■ **Exercise requirements**
The answer should hold only the lines from the one containing "In order for" through the one containing "We can verify" in the entries below, copied exactly, without pictures.

■ **Data to process**
=== Section Start ===

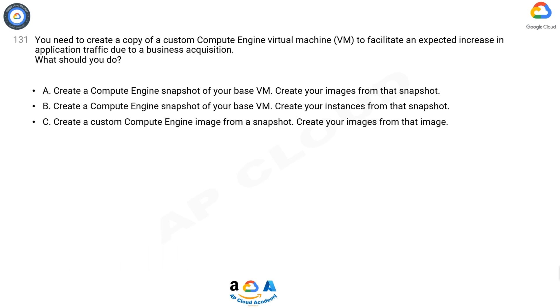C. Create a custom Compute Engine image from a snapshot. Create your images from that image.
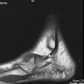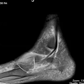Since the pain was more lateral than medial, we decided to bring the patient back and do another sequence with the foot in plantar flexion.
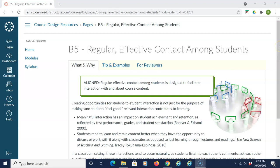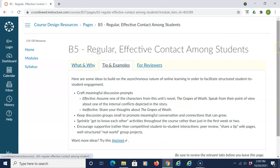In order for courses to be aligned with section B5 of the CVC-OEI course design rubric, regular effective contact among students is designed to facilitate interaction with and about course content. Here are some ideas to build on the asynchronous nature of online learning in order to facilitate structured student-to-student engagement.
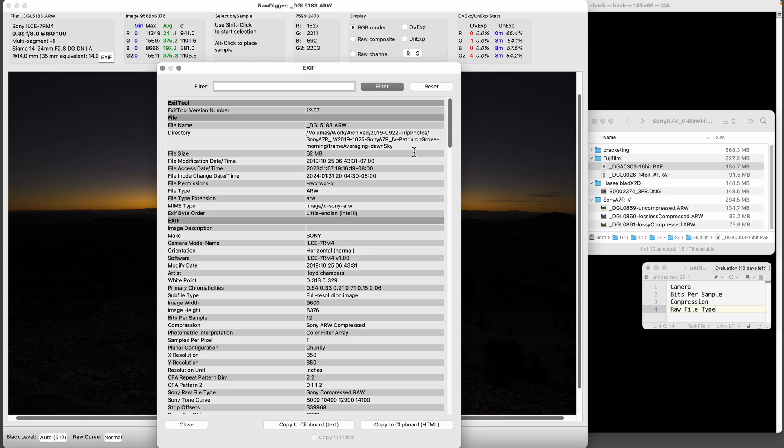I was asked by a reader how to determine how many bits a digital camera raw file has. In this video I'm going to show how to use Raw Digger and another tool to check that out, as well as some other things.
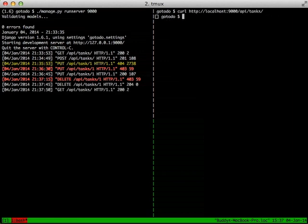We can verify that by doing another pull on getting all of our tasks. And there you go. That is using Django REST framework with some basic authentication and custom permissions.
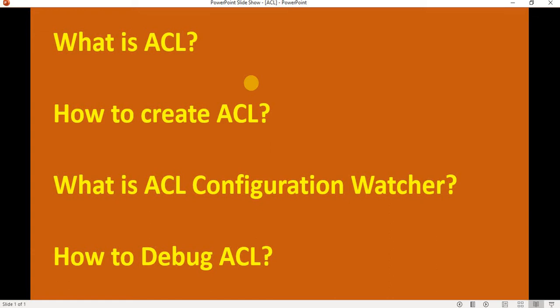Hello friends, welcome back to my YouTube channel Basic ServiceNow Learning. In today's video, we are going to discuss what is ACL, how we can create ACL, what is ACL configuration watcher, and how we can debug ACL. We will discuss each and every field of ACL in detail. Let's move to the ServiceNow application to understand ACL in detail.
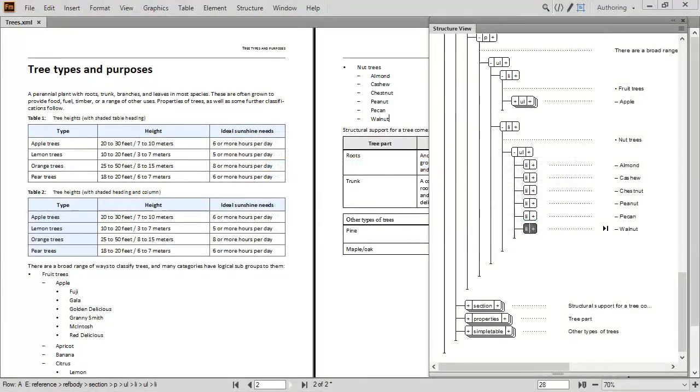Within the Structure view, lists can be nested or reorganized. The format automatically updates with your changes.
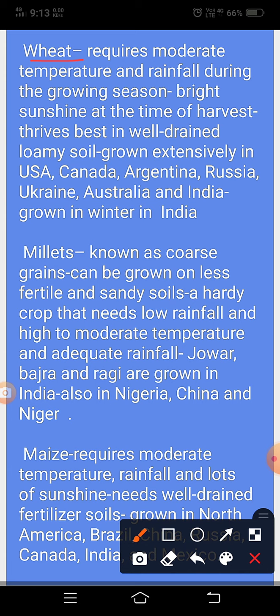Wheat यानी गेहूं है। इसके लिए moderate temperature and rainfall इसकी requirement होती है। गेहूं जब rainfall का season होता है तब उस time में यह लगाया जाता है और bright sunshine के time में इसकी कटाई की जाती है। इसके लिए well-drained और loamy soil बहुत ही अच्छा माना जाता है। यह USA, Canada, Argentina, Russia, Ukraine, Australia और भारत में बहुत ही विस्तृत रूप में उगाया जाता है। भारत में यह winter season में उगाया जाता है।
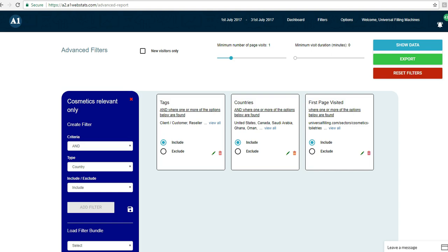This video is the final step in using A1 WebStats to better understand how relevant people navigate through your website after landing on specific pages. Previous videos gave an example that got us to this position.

=== Section End ===
=== Section Start ===

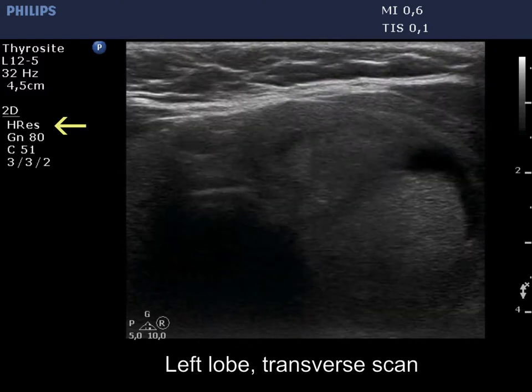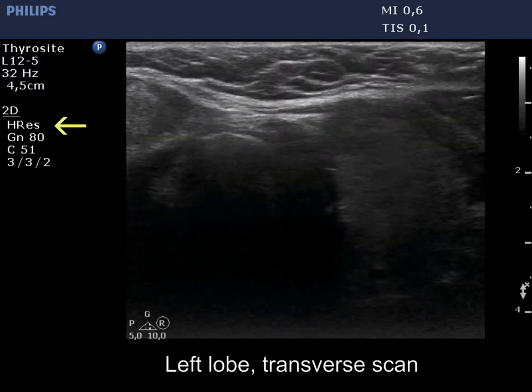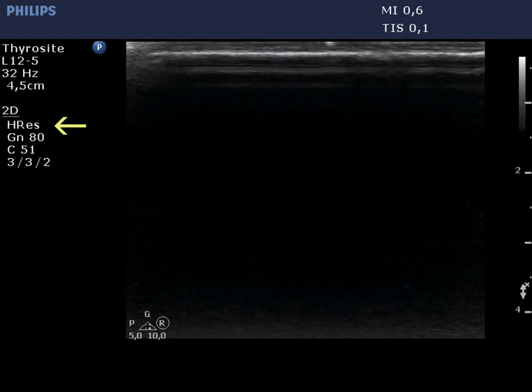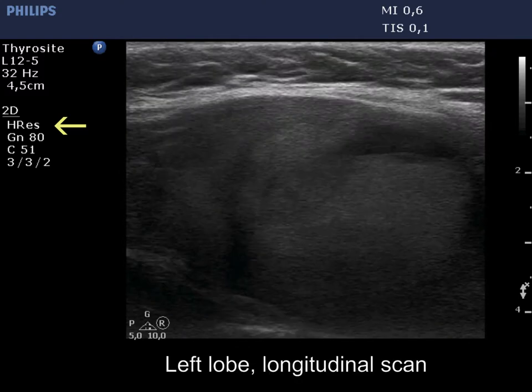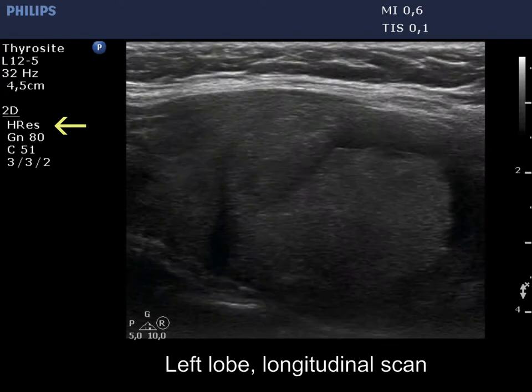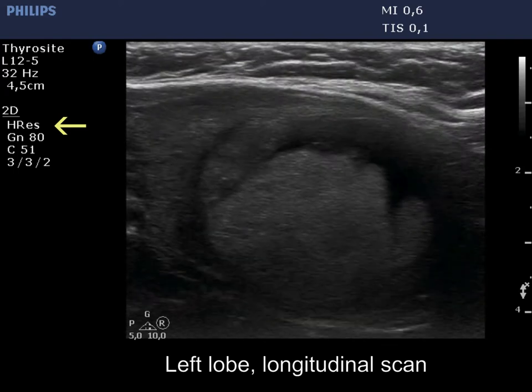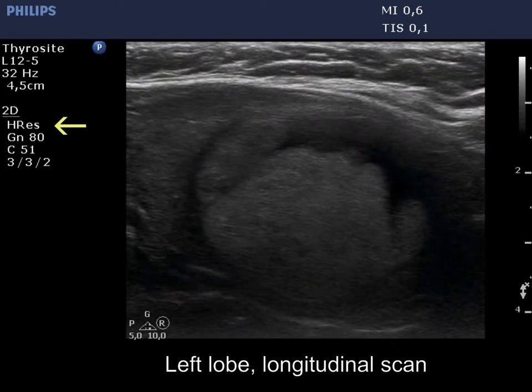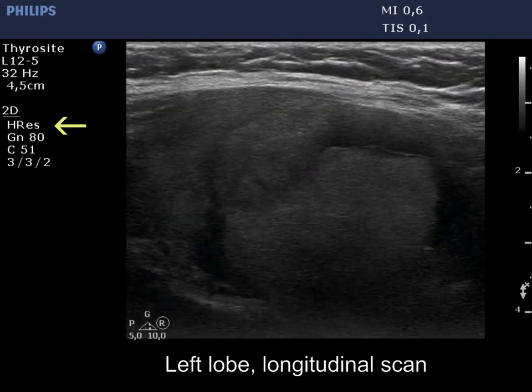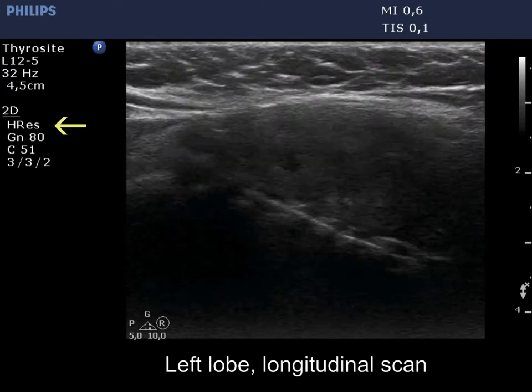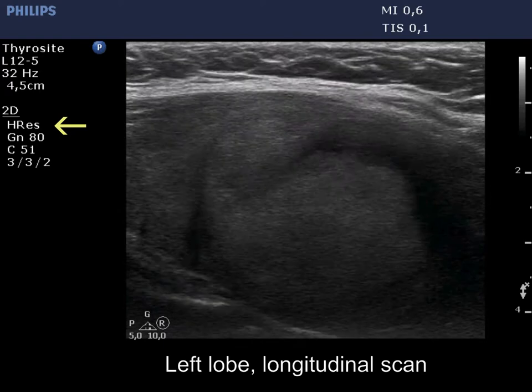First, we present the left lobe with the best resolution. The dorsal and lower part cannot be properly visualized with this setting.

=== Section End ===

■ **Solution to the exercise**
In order for courses to be aligned with section B5 of the CVC-OEI course design rubric, regular effective contact among students is designed to facilitate interaction with and about course content. Here are some ideas to build on the asynchronous nature of online learning in order to facilitate structured student-to-student engagement.
I was asked by a reader how to determine how many bits a digital camera raw file has. In this video I'm going to show how to use Raw Digger and another tool to check that out, as well as some other things.
We can verify that by doing another pull on getting all of our tasks. And there you go. That is using Django REST framework with some basic authentication and custom permissions.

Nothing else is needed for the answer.